English actress Cynthia Erivo and American singer and actress Ariana Grande performed a rendition of "For Good" as Elphaba and Glinda respectively in Wicked: For Good (2025), the second of Universal Pictures' two-part film adaptation of Wicked, which was released on November 21, 2025. Their version of the song was released on the same day as part of the soundtrack album Wicked: For Good – The Soundtrack (2025) by Republic Records and Verve Records.
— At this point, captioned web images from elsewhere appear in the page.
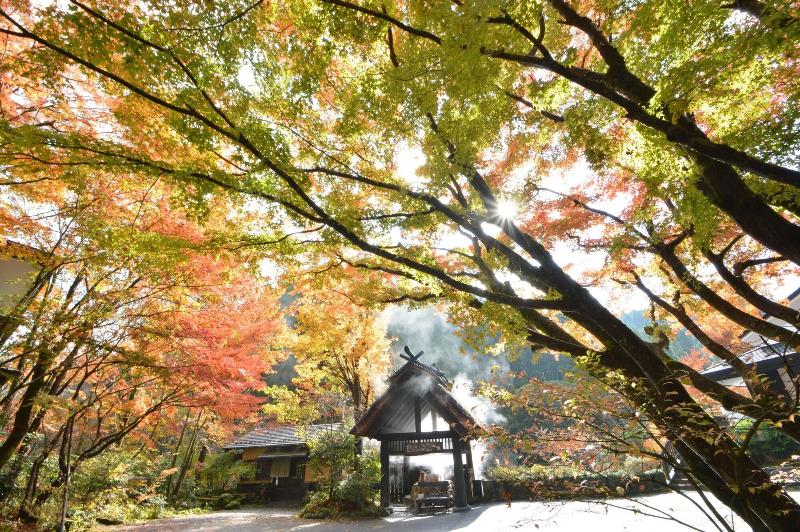فندق Ryokan Okunoyu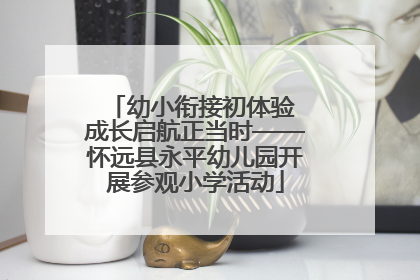 幼小衔接初体验 成长启航正当时——怀远县永平幼儿园开展参观小学活动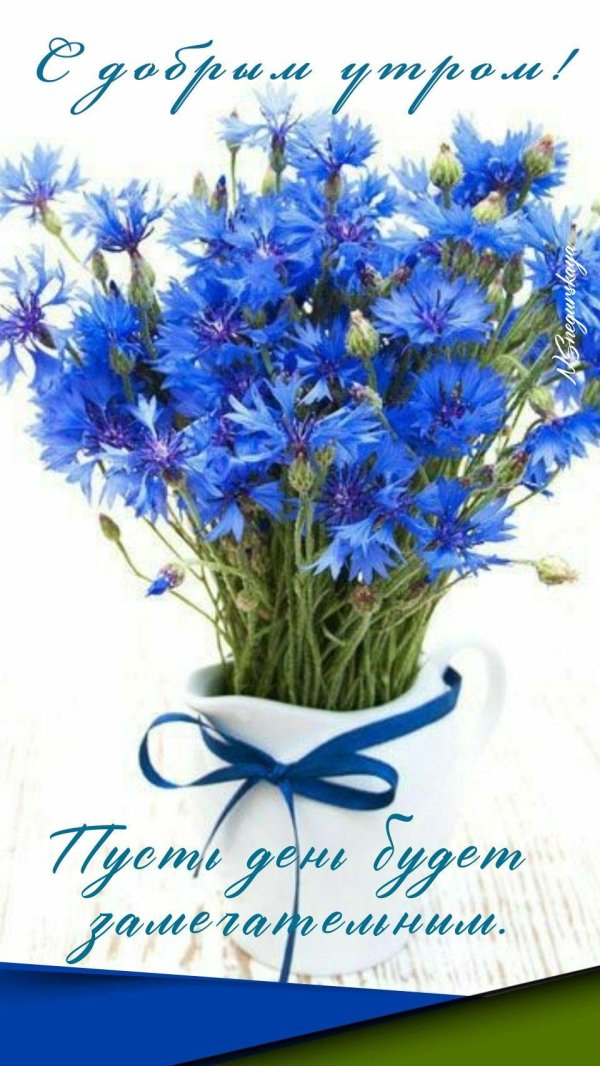 открытка с васильками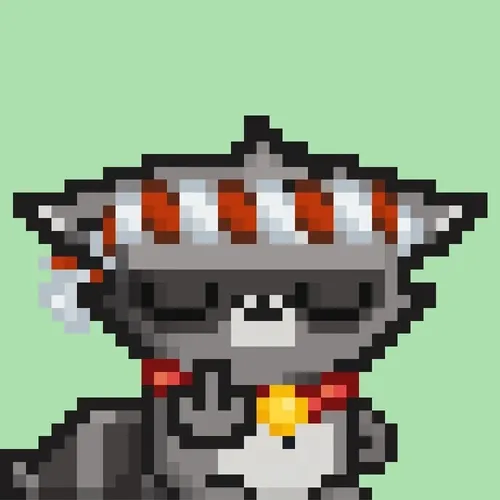 Pixel Racoons 1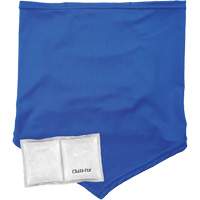 Cache-cou/bandana de refroidissement Chill-Its 6482 avec sachet r&eacute;frig&eacute;rant &agrave; changement de phase r&eacute;utilisable, petit/moyen, Bleu Pryde Industrial Inc.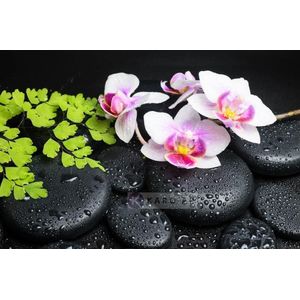 Afbeelding op acrylglas - Zen stenen met orchidee, inspiratie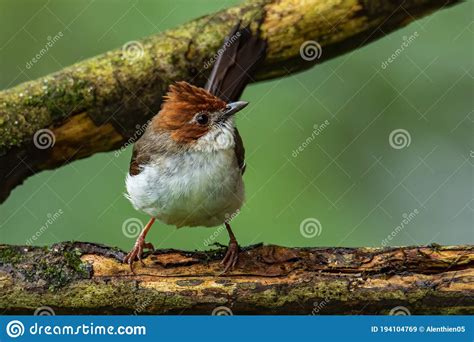 Nature Wildlife Endemic Bird Of Borneo Chestnut Crested Yuhina On Perch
Erivo and Grande performed "For Good" with Menzel and Chenoweth for the television special Wicked: One Wonderful Night, which aired on November 6, 2025. Schwartz wrote new lyrics for the bridge, and also provided piano accompaniment for the four vocalists. The performance was filmed at the Gershwin Theatre, the home of the Wicked Broadway production. On August 16, 2026, "For Good" was performed by Erivo and Grande during the Eternal Sunshine Tour at the O_{2} Arena in London.

=== Track listing ===
7-inch vinyl
1. "For Good" – 6:17
2. "For Good" (instrumental) – 6:17

Digital EP
1. "For Good" – 6:17
2. "For Good" (edit) – 3:17
3. "For Good" (live from the Gershwin Theatre) (with Idina Menzel and Kristin Chenoweth) – 4:31
4. "For Good" (sing-along) – 6:17

=== Charts ===

Chart performance for "For Good"
| Chart (2025–2026) | Peak position |
|---|---|
| Australia (ARIA) | 62 |
| Canada Hot 100 (Billboard) | 49 |
| Global 200 (Billboard) | 41 |
| Ireland (IRMA) | 21 |
| Japan Hot Overseas (Billboard Japan) | 9 |
| New Zealand Hot Singles (RMNZ) | 5 |
| Philippines Hot 100 (Billboard Philippines) | 43 |
| Portugal (AFP) | 178 |
| UK Singles (Official Charts) | 14 |
| US Billboard Hot 100 | 43 |

Chart performance for "For Good" (Live from the Gershwin Theatre)
| Chart (2025) | Peak position |
|---|---|
| New Zealand Hot Singles (RMNZ) | 37 |

===Release history===

Release dates and formats for "For Good"
| Region | Date | Format | Label(s) | Ref. |
| United States | November 21, 2025 | 7-inch vinyl | Republic; Verve; | ^{[better source needed]} |
| Various | December 12, 2025 | Digital download; streaming; |  |

==Other versions and usage in media==
- Internet personalities Sam Tsui and Nick Pitera recorded a cover that has been uploaded to their respective YouTube channels.
- Portions of the original version of the song were used at the ending of the September 4, 2013 repeat episode of the game show Wheel of Fortune, as a tribute to director Mark Corwin, who died on July 25, 2013.